-- INPUT DATA --
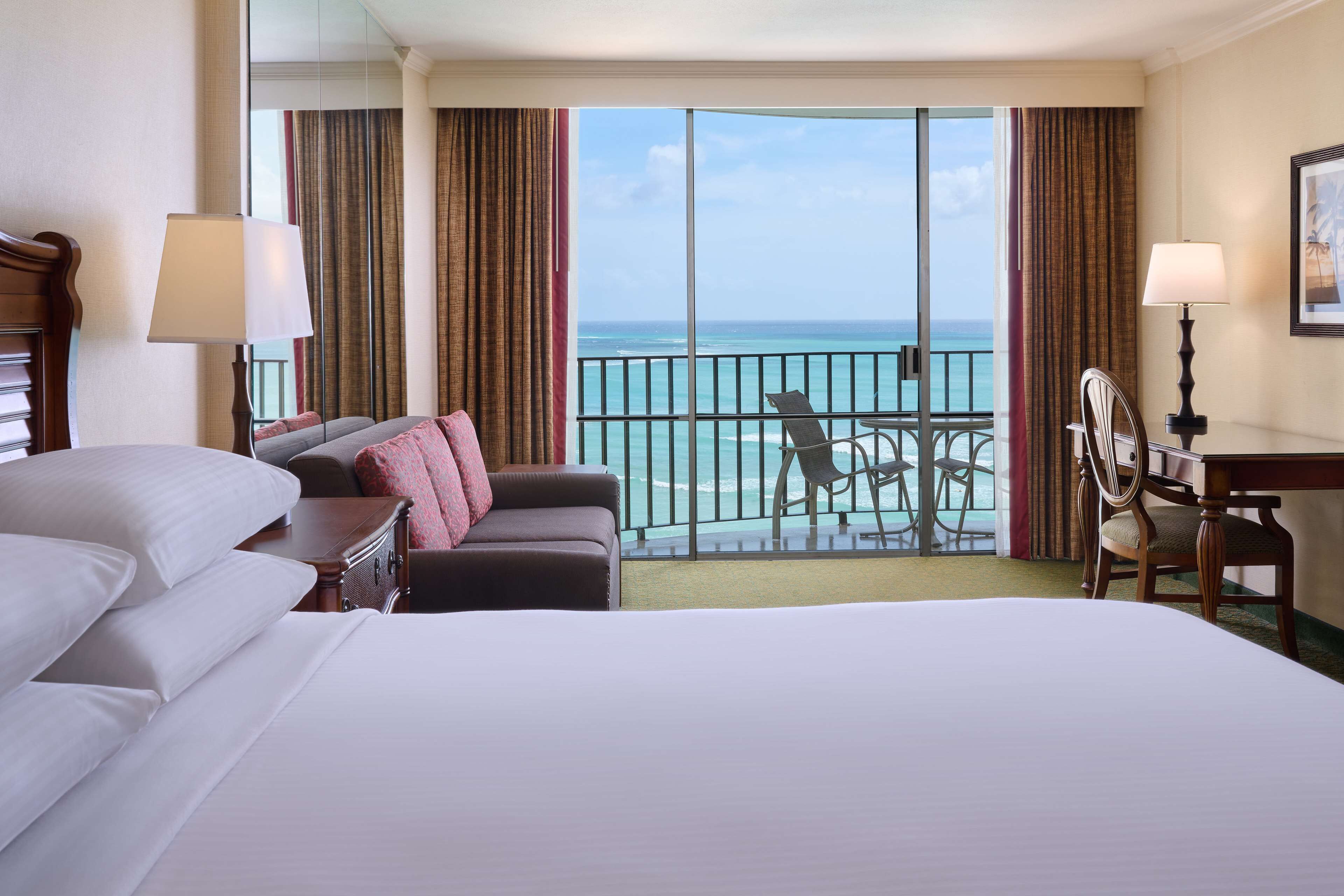 Outrigger Waikiki Beach Resort Outrigger Waikiki Beach Resort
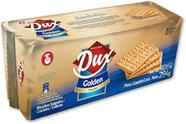 Biscoito cracker dux golden 294g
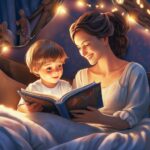 Мне мама читала…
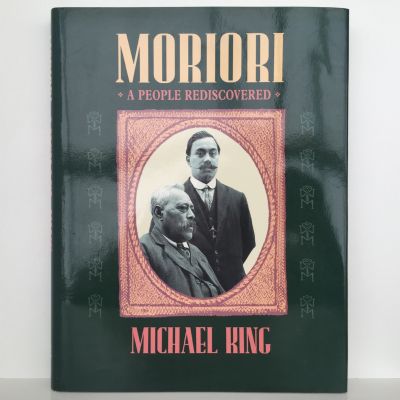 Moriori : A People Rediscovered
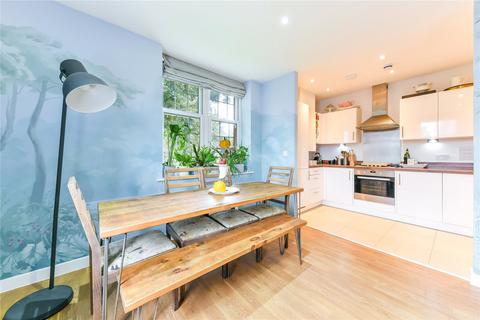 Flat 3, Mayfield House, 2 Damson Way, Carshalton, SM5 4BF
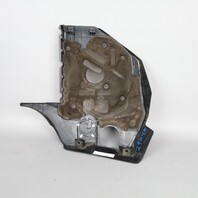 2010-2019 BMW 535i 640i X3 X5 X6 Engine Beauty Cover 11127607447 OEM Used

-- ABOUT THIS EXERCISE --
Give back every record above exactly as written, skipping each picture.

-- SOLUTION TO THIS TASK --
 Outrigger Waikiki Beach Resort Outrigger Waikiki Beach Resort
 Biscoito cracker dux golden 294g
 Мне мама читала…
 Moriori : A People Rediscovered
 Flat 3, Mayfield House, 2 Damson Way, Carshalton, SM5 4BF
 2010-2019 BMW 535i 640i X3 X5 X6 Engine Beauty Cover 11127607447 OEM Used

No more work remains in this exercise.